PROBLEM REQUIREMENTS -
What you return should be the entries, unchanged, without their pictures.
##### MATERIAL PROVIDED
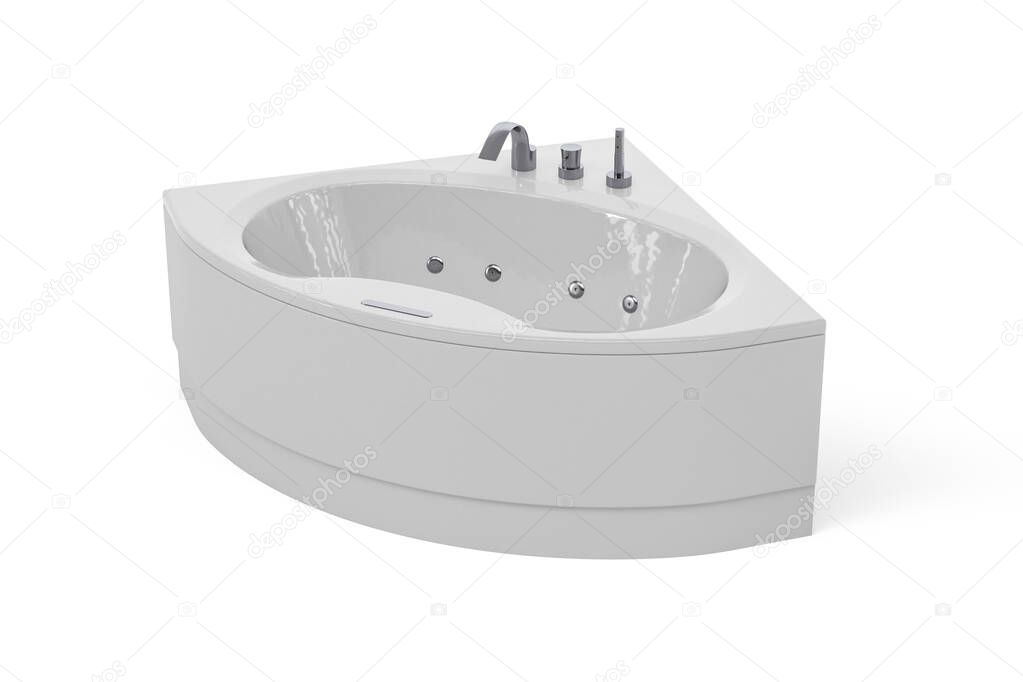 Beautiful luxury white modern corner bathtub with fitted taps - isolated on white - 3d render
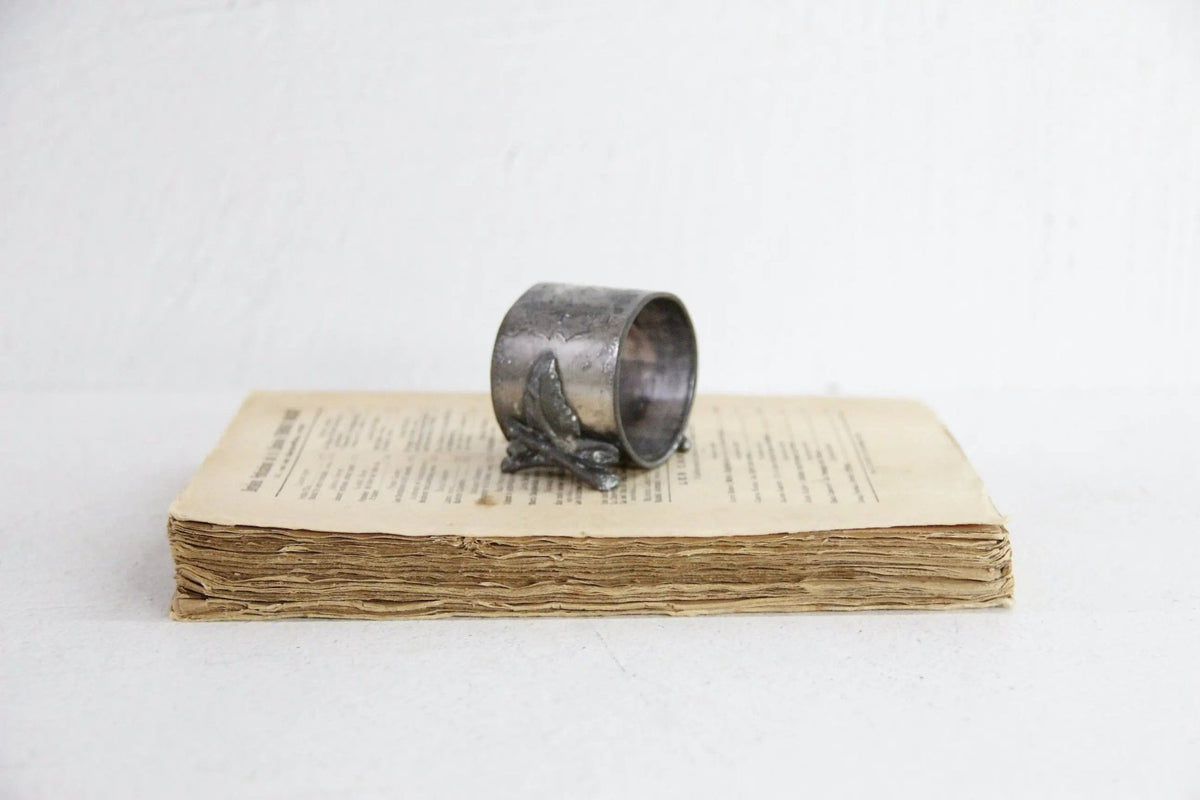 Silver Napkin Ring Engraved | Antique Etched Branches - Debra Hall Lifestyle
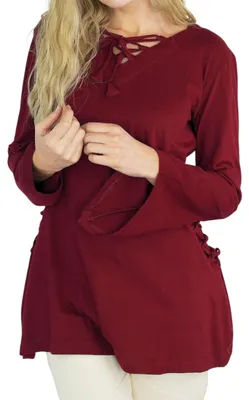 Productafbeelding van Middeleeuwse Blouse Lea - Kap en Vetersluiting - Rood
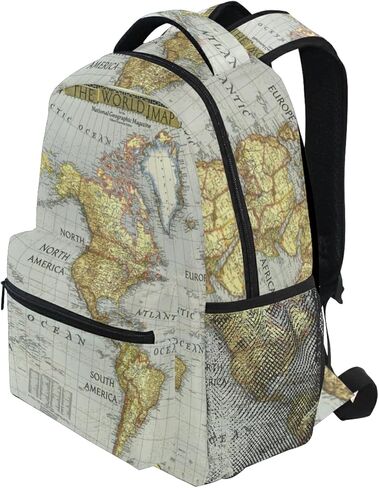 حقيبة ظهر Nander للسفر ورسم خريطة العالم وحقائب الكتب المدرسية وحقيبة الكمبيوتر المحمول وحقيبة الكلية للنساء والرجال والأولاد والبنات in Kuwait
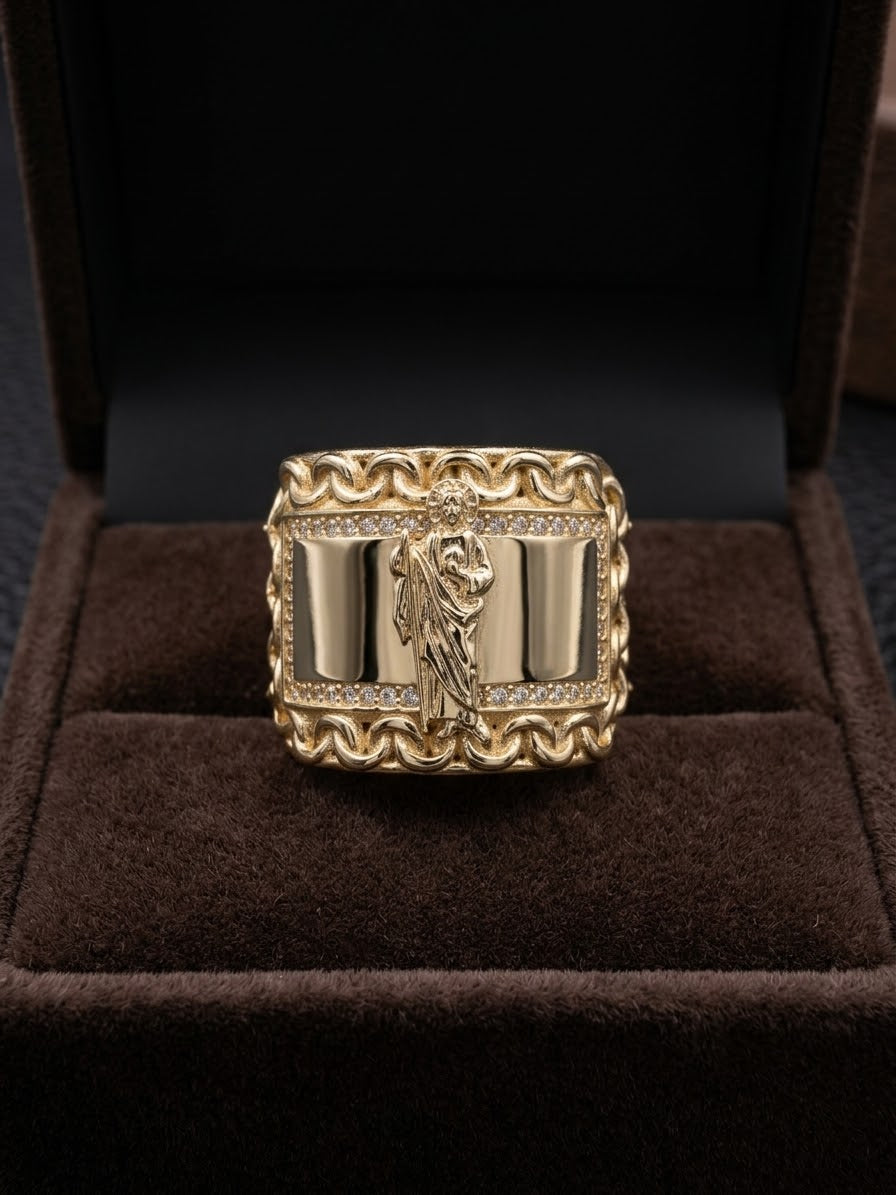 10 K GOLD SAN JUDAS CHINO LINK RING – TAMAYO GOLD LLC
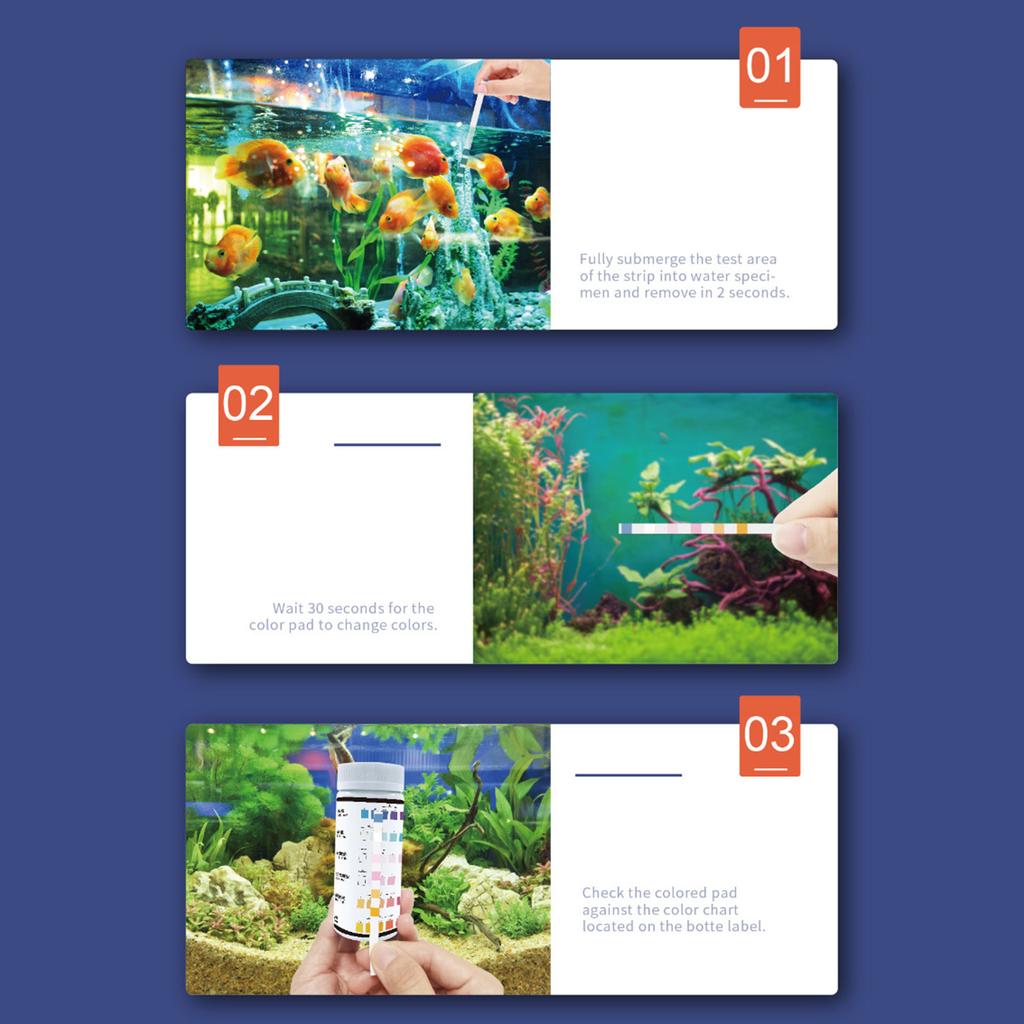 100PCS Aquarium Testing Set for Freshwater Saltwater Pond Test Strips for Fish Tank Testing PH Nitrites Alkalinity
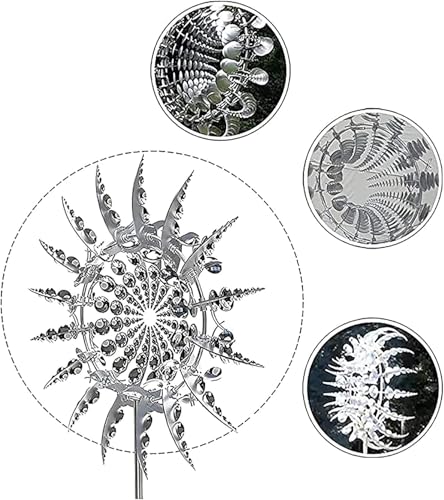 Einzigartige und magische Metall-Windmühle, 3D-Edelstahl-Windspiel, windbetriebene kinetische Skulptur mit Metall-Gartenstecker für Hof, Gartendekoration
##########
TASK SOLUTION -
 Beautiful luxury white modern corner bathtub with fitted taps - isolated on white - 3d render
 Silver Napkin Ring Engraved | Antique Etched Branches - Debra Hall Lifestyle
 Productafbeelding van Middeleeuwse Blouse Lea - Kap en Vetersluiting - Rood
 حقيبة ظهر Nander للسفر ورسم خريطة العالم وحقائب الكتب المدرسية وحقيبة الكمبيوتر المحمول وحقيبة الكلية للنساء والرجال والأولاد والبنات in Kuwait
 10 K GOLD SAN JUDAS CHINO LINK RING – TAMAYO GOLD LLC
 100PCS Aquarium Testing Set for Freshwater Saltwater Pond Test Strips for Fish Tank Testing PH Nitrites Alkalinity
 Einzigartige und magische Metall-Windmühle, 3D-Edelstahl-Windspiel, windbetriebene kinetische Skulptur mit Metall-Gartenstecker für Hof, Gartendekoration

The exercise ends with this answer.